What stands between you and believing that God takes a “special pity” on you? Pray for the courage to believe that God did not merely create you, but made you with a unique care and gaze that names you as the beloved.

March 23 — Rocks Cry Out

Today’s Bible reading:

When he came near the place where the road goes down the Mount of Olives, the whole crowd of disciples began joyfully to praise God in loud voices for all the miracles they had seen: “Blessed is the king who comes in the name of the Lord! Peace in heaven and glory in the highest!”

Some of the Pharisees in the crowd said to Jesus, “Teacher, rebuke your disciples!”

“I tell you,” he replied, “if they keep quiet, the stones will cry out.” (Luke 19:37-40)

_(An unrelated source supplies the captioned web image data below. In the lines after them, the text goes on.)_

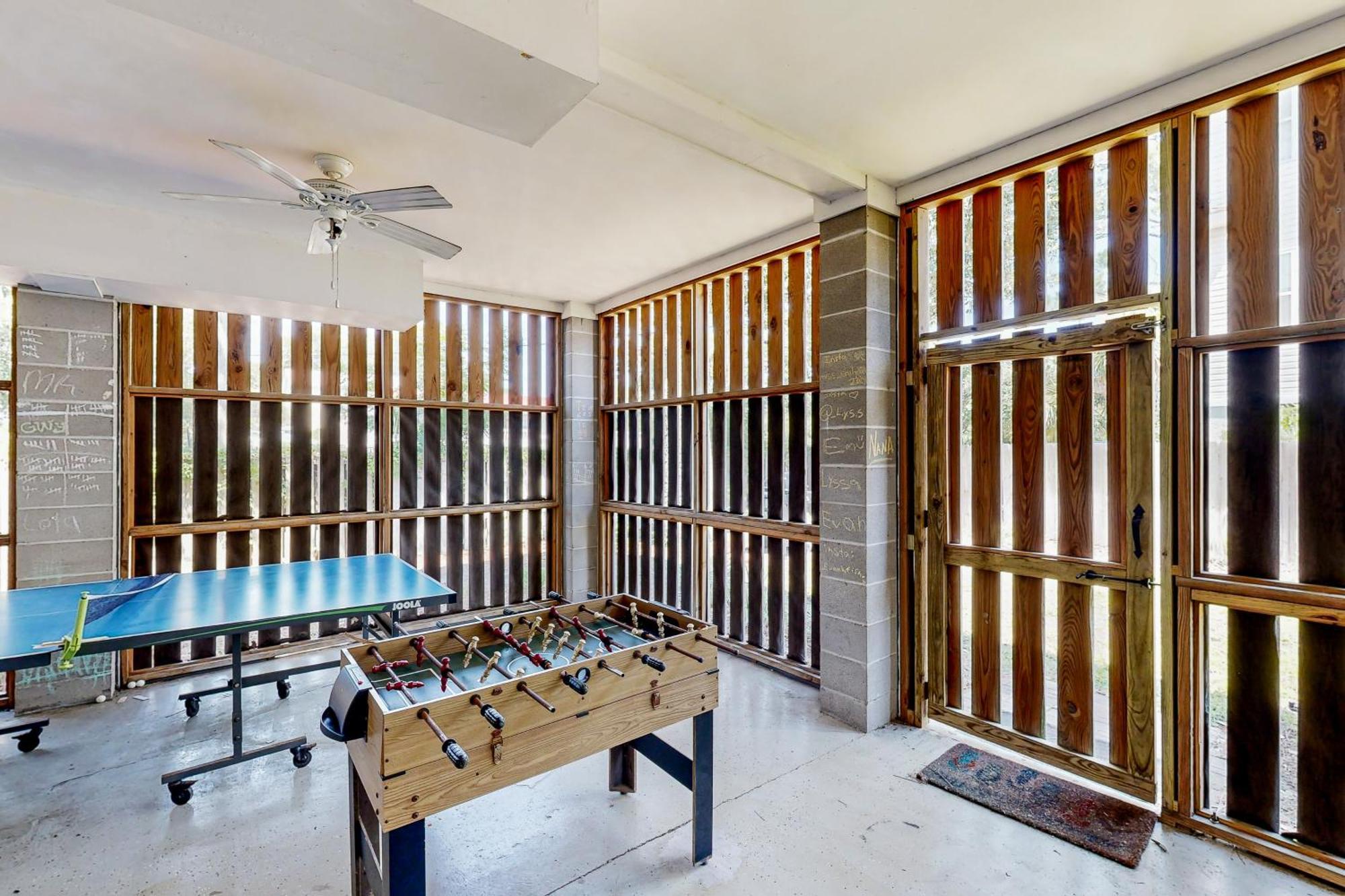 Villa Shady Retreat Tybee Island Esterno foto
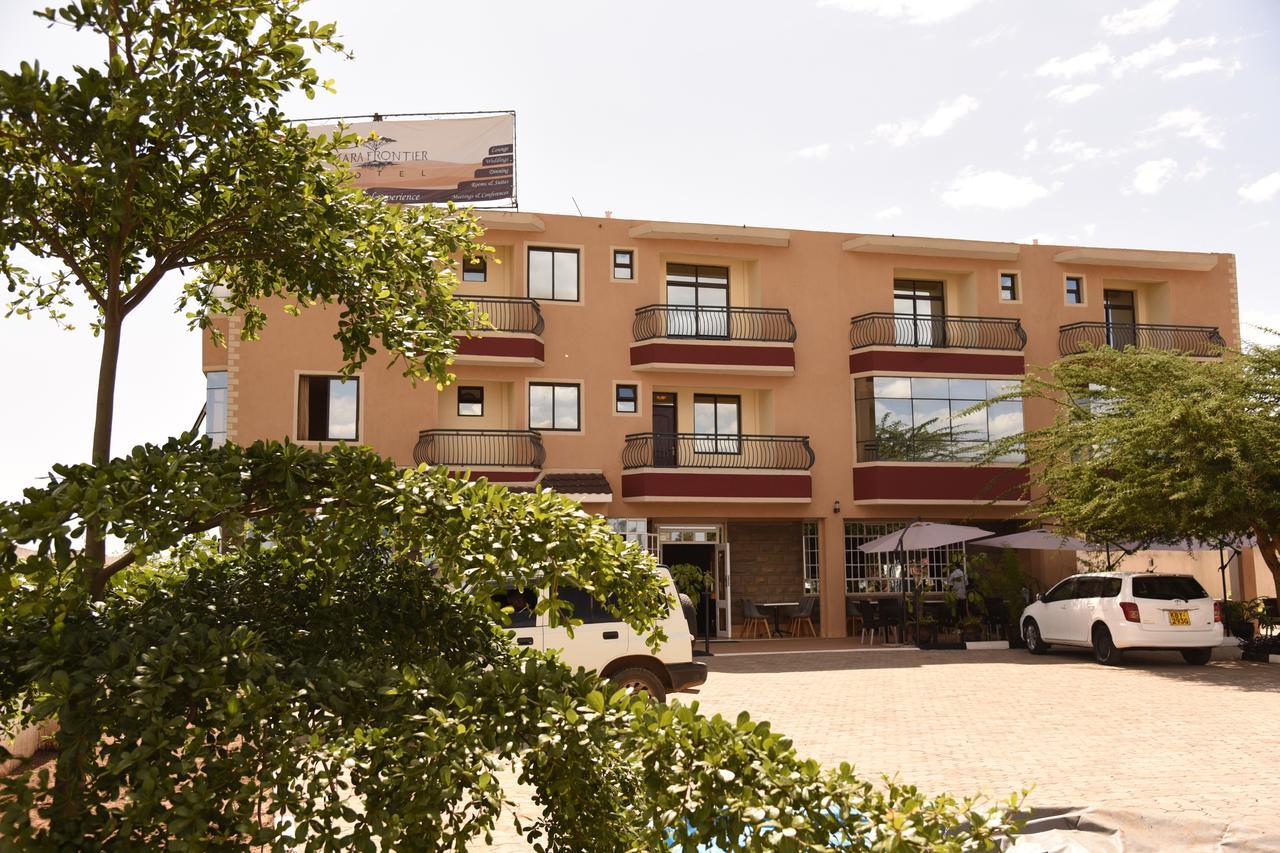 Mara Frontier Hotel Narok Zewnętrze zdjęcie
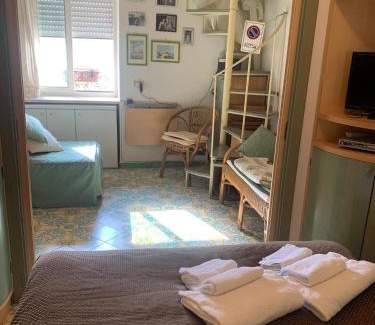Marina Grande Apartment | Giovy's Home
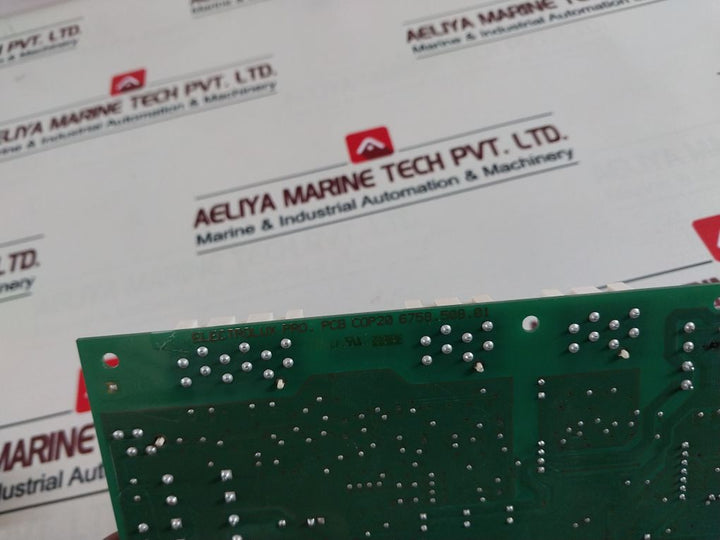 Electrolux Pcb Cop20 6758.508.01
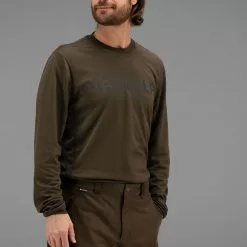 Harkila Mountain Hunter Breathable Long Sleeve T-Shirt 11 Harkila Mountain Hunter Breathable Long Sleeve T-Shirt -Lure Fishing Sales Shop f23a0172.4
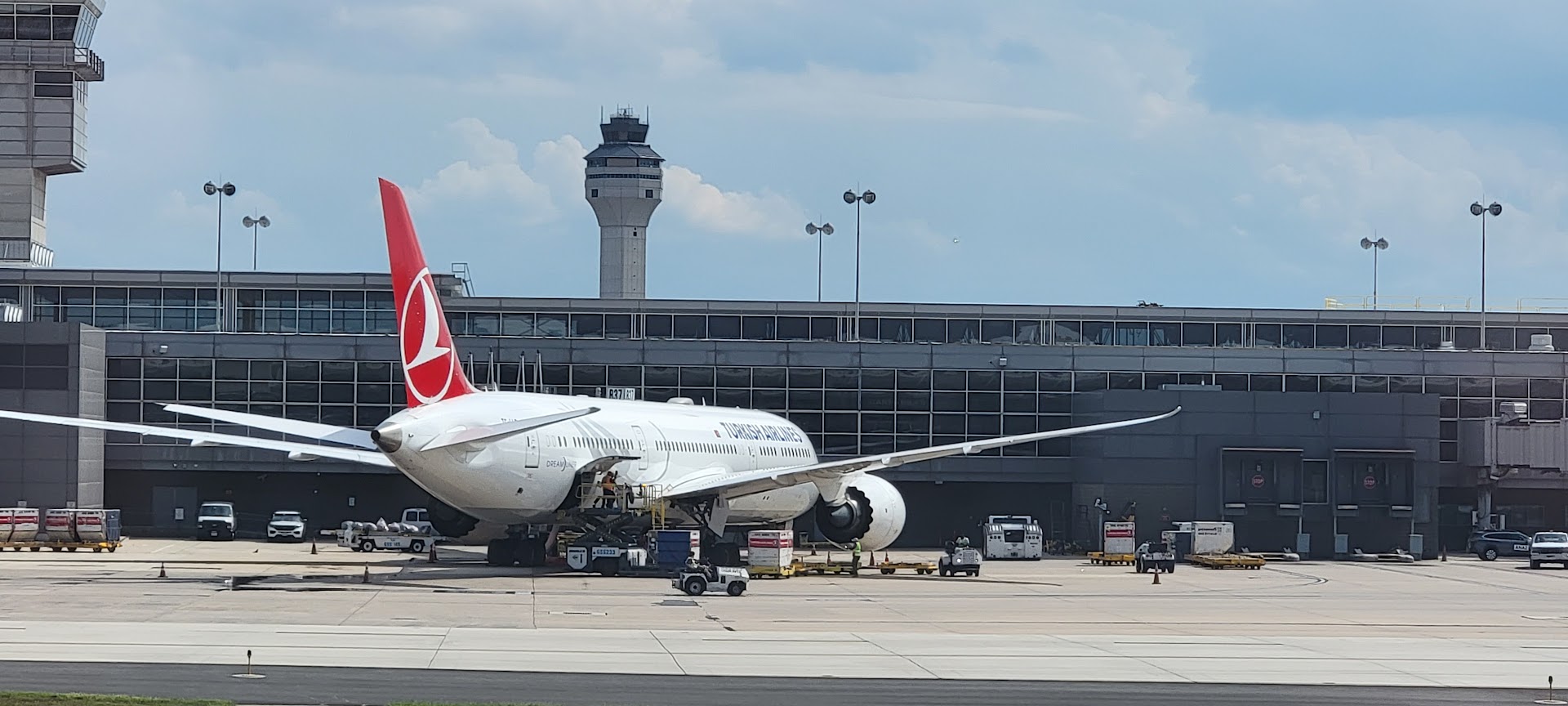 Türk Hava Yolları Business Class Ödülü için alan açıldı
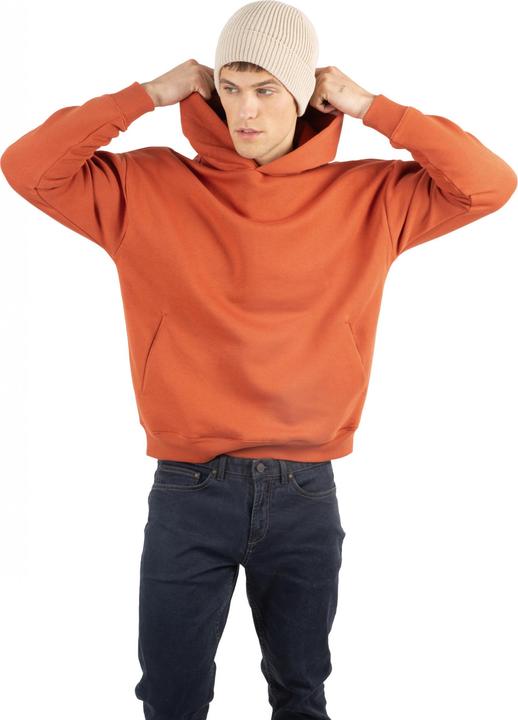 Actual product image K-up Ribbed beanie with lapel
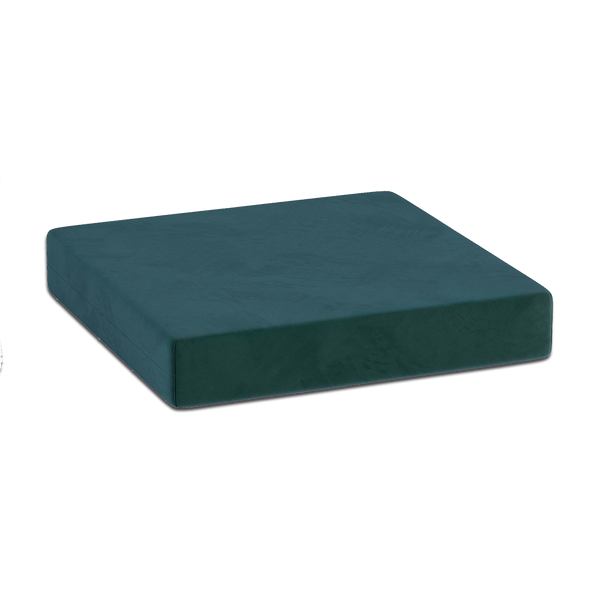 Sittepute på mål i velour - Garden - S6018.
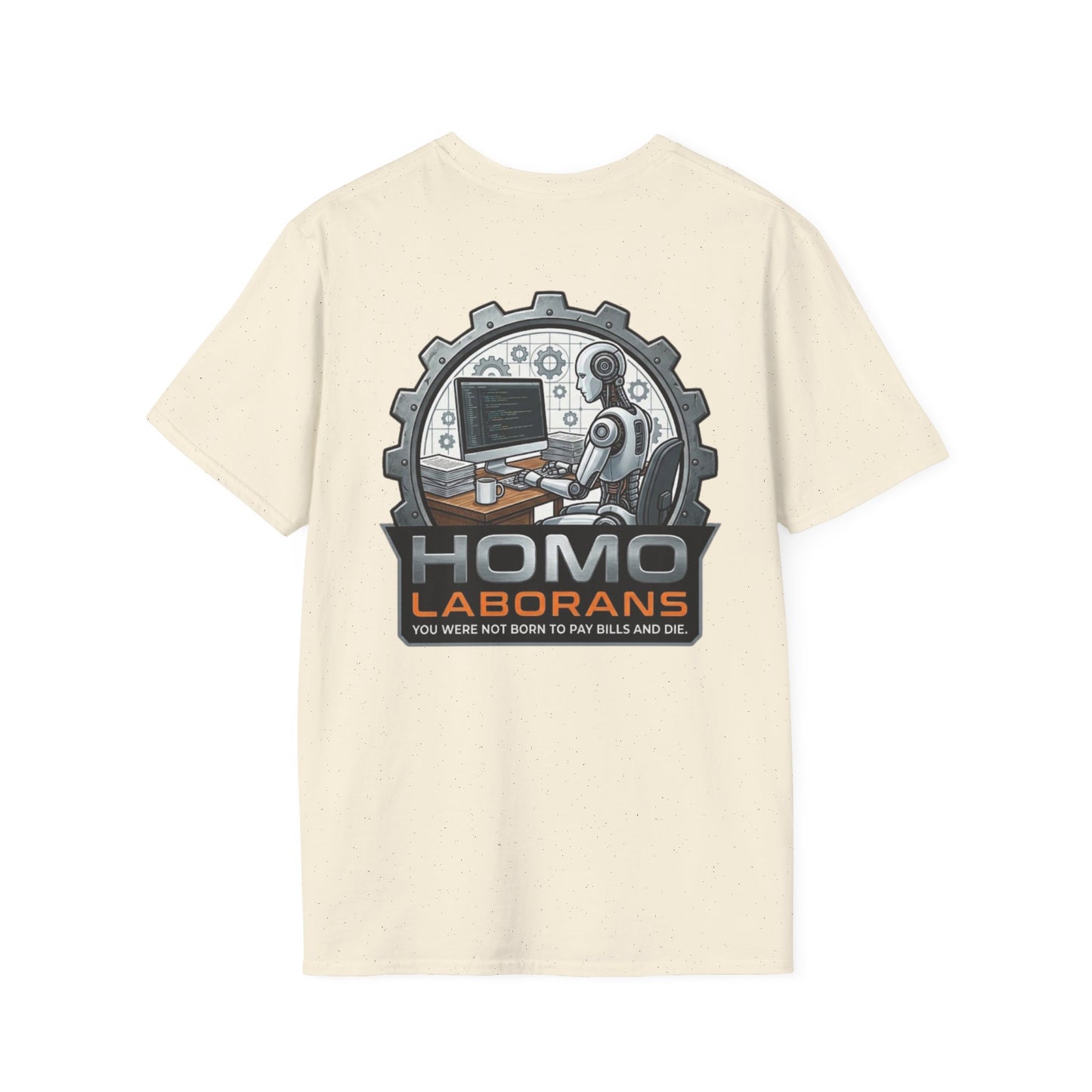 "Homo Laborans" T-shirt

More thoughts for meditation:

God will be praised, and creation is an expression of that praise. Creation reflects and points to the beauty and power and redeeming love of the Creator, Jesus. Did you ever look up into the night sky when you were far from city lights and catch your breath at the myriad of stars? Did you ever get to sit on the edge of the Grand Canyon and get lost in the glory of it’s expanse? It is truly mind-blowing to consider the growing vastness of the universe just in reflection to the “little” parts we can see. The rocks are literally crying out already with their vibrations, all throughout the expanding universe.  And the universe is expanding at a rate that makes it impossible to conceptualize and study, though many scientists picture it shaped like a trumpet below. Creation is crying out that Jesus is truly wonderful. We cannot even wrap our minds around God’s glory. 

Suggestions for action:

Take a few minutes right now to join the rocks in worship with the song So Will I. You’ll be affirming Jesus’ Lordship in the earth. Part of how God is making things right in the earth is by giving us a glimpse of his glory and a chance to respond personally and corporately. A chance to experience our connection to the Creator and his love.  It is love that elicits us to love. And we’re able to be even more expressive and demonstrative than the rocks! John’s prophecy reveals that every creature in heaven and on earth and under the earth and in the sea will someday be crying out “To him who sits on the throne and to the Lamb be praise and honor and glory and power, for ever and ever!” (Rev 5:13) As you listen now let’s pray, Come Lord Jesus. Based on your beauty in the heavens and on earth, come to us now in all that we face. Show us your creative and restoring love in our lives right now. We are your creation.